Law, Artificial Intelligence, and Natural Language Processing: A Funny Thing Happened on the Way to My Search Results

Abstract

Renowned legal educator Roscoe Pound stated, “Law must be stable and yet it cannot stand still.” Yet, as Susan Nevelow Mart has demonstrated in a seminal article that the different online research services (Westlaw, Lexis Advance, Fastcase, Google Scholar, Ravel and Casetext) produce significantly different results when researching case law. Furthermore, a recent study of 325 federal courts of appeals decisions, revealed that only 16% of the cases cited in appellate briefs make it into the courts’ opinions. This does not exactly inspire confidence in legal research or its tools to maintain stability of the law. As Robert Berring foresaw, “The world of established sources and sets of law book that has been so stable at to seem inevitable suddenly has vanished. The familiar set of printed case reporters, citators, and second sources that were the core of legal research are being minimized before our eyes.”

In this article I focus on Artificial Intelligence (AI) and natural language processing with respect to searching. My article will proceeds as follows. To understand how effective natural language processing is in current legal research, I go about building a model of a legal information retrieval system that incorporates natural language processing. I have had to build my own model because we do not know very much about how the proprietary systems of Westlaw, Lexis, Bloomberg, Fastcase and Casetext work. However, there are descriptions in information science literature and on the Internet of how systems with advanced programing techniques actually work or could work. Next, I compare such systems with the features and search results produced by the major vendors to illustrate the probable use of natural language processing, similar to the models. In addition, the use of word prediction or type ahead techniques in the major research services are studied–particularly, how such techniques can be used to bring secondary resources to the forefront of a search. Finally, I explore how the knowledge gained may help us to better instruct law students and attorneys in the use of the major legal information retrieval systems.
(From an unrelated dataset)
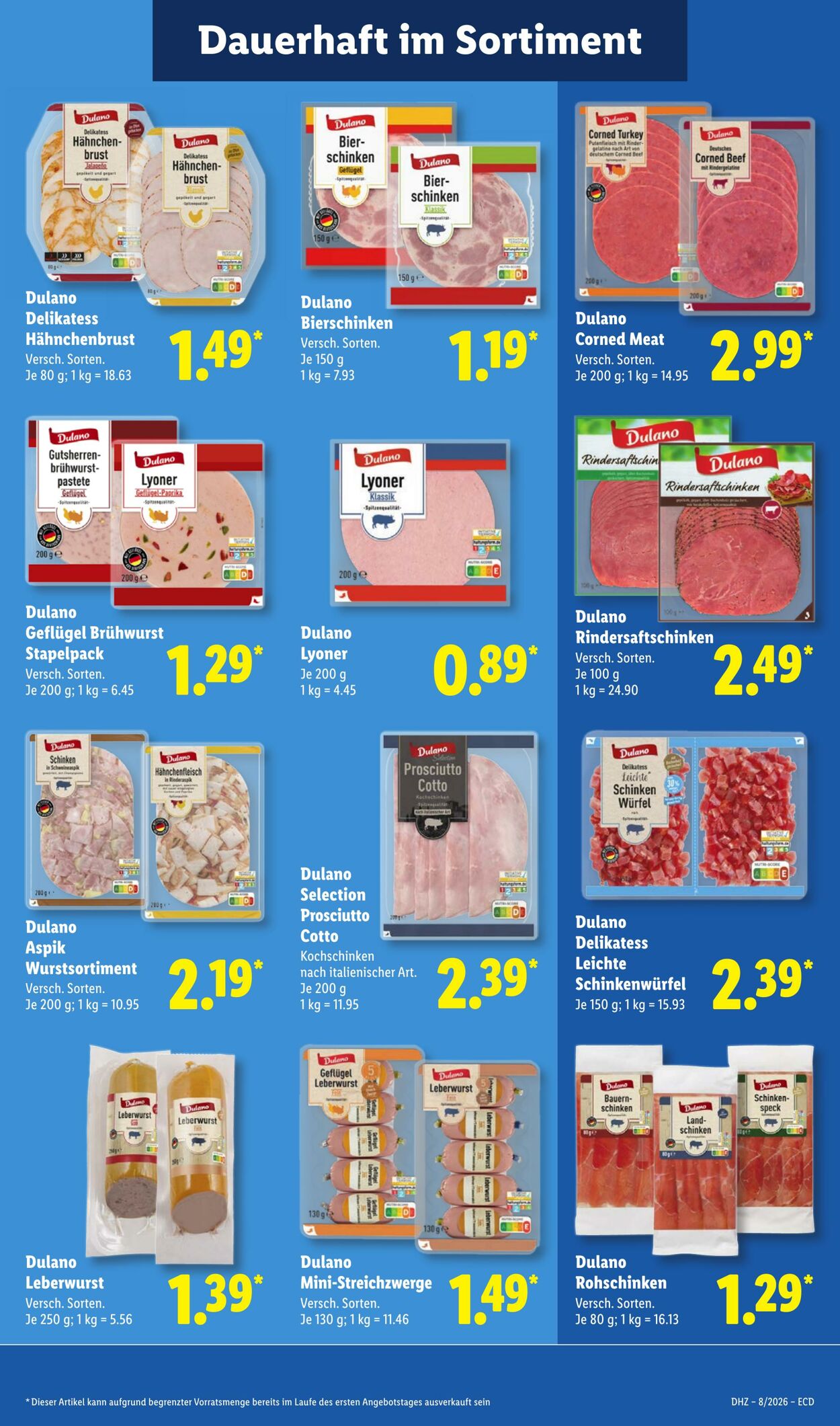 Prospekt Lidl 16.02.2026 - 21.02.2026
My conclusion is that the adeptness of natural language processing is uneven among the various vendors and that what we receive in search results from such systems varies widely depending on a host of unknown variables. Natural language processing has introduced uncertainty to the law. We are a long way from AI systems that understand, let alone search, legal texts in a stable and consistent way.

Callister, Paul D., Law, Artificial Intelligence, and Natural Language Processing: A Funny Thing Happened on the Way to My Search Results (October 14, 2020). 112 Law Library Journal 161-212 (2020).